## Provided records
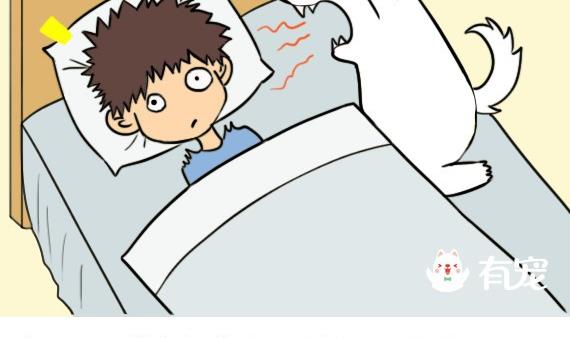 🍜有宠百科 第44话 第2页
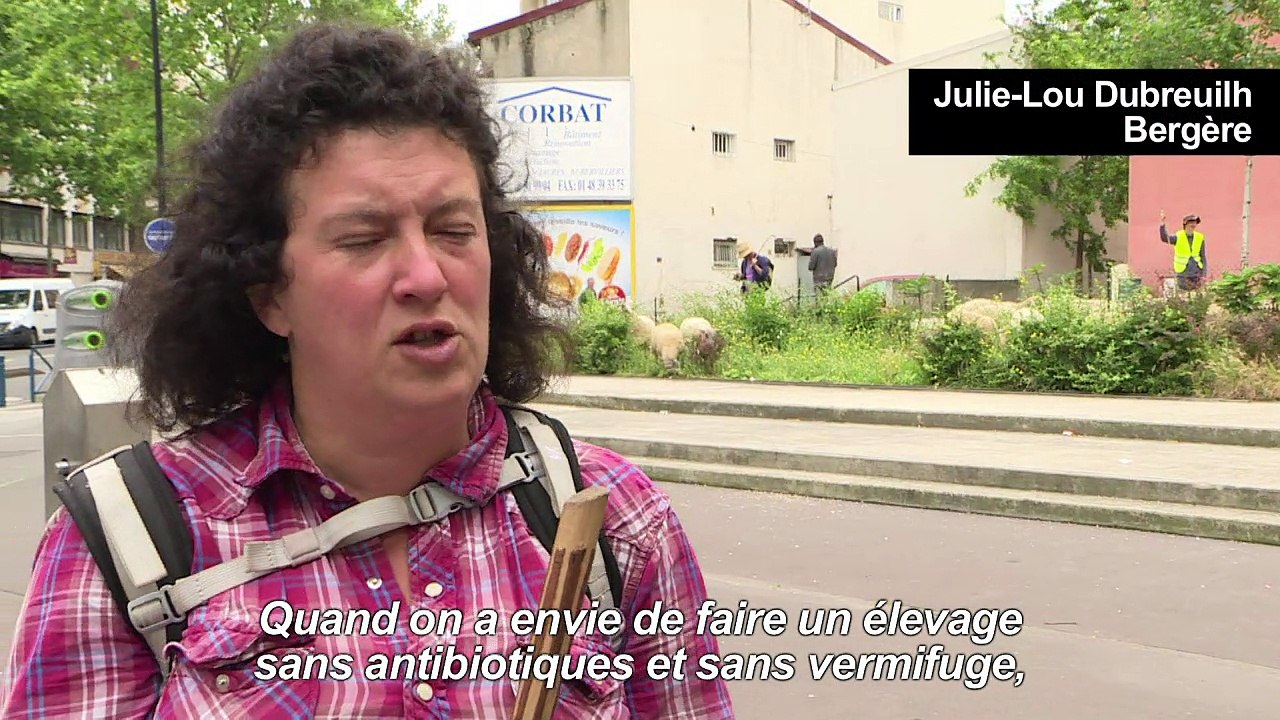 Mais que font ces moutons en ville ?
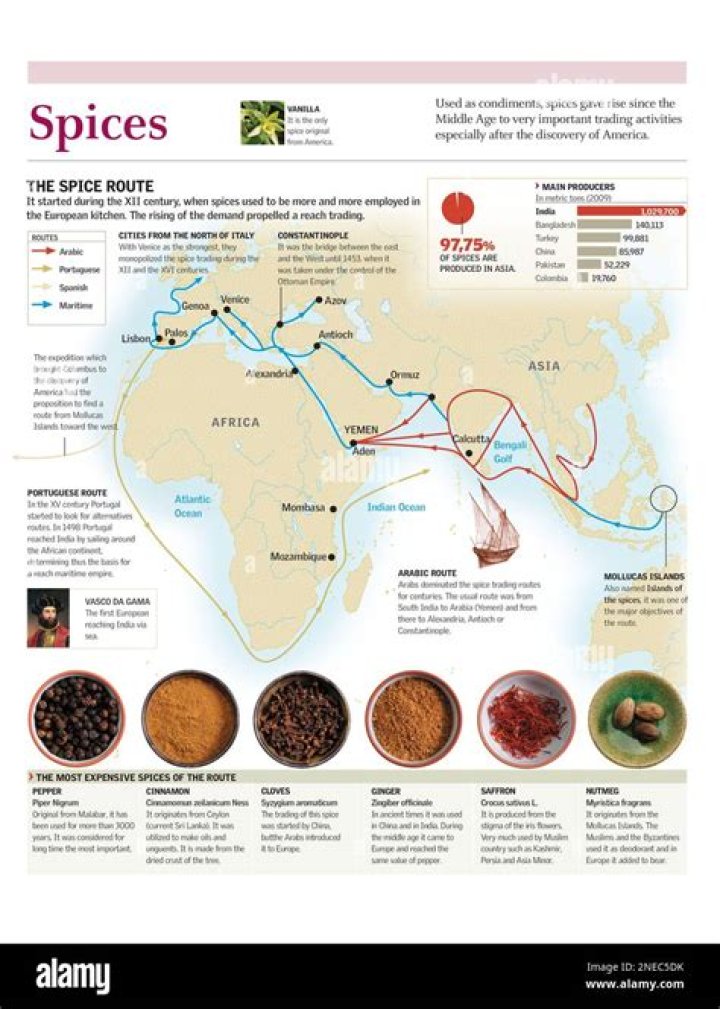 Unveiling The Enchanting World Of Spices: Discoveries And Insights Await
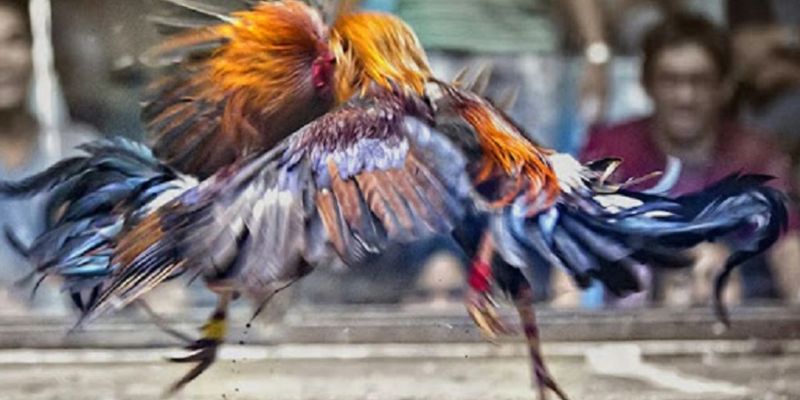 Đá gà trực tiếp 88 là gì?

==

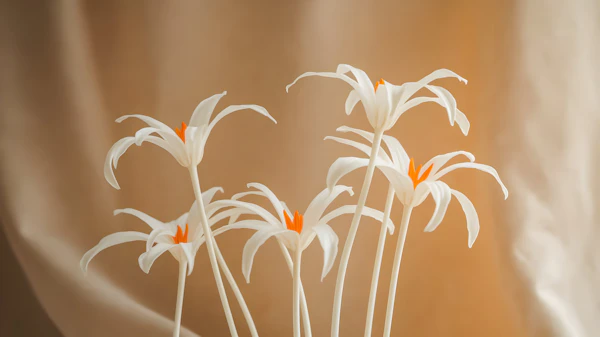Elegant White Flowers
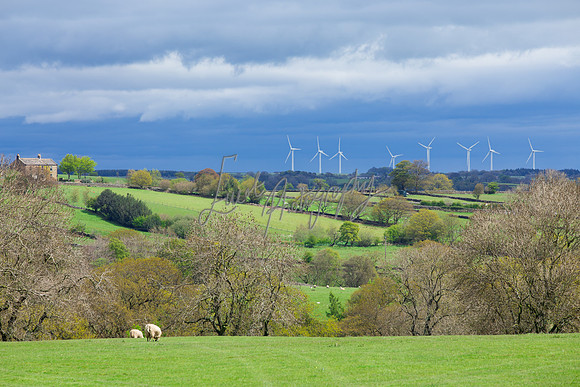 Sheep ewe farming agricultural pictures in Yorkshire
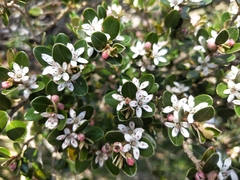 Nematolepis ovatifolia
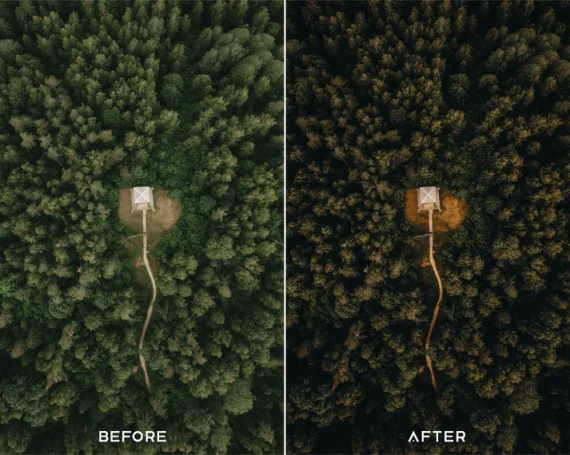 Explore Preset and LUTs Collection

## To do
In the listing above, find the line containing "Sheep ewe farming" and the line containing "Explore Preset and LUTs Collection"; print those lines and every line between them exactly, leaving out pictures.

## Expected answer
 Sheep ewe farming agricultural pictures in Yorkshire
 Nematolepis ovatifolia
 Explore Preset and LUTs Collection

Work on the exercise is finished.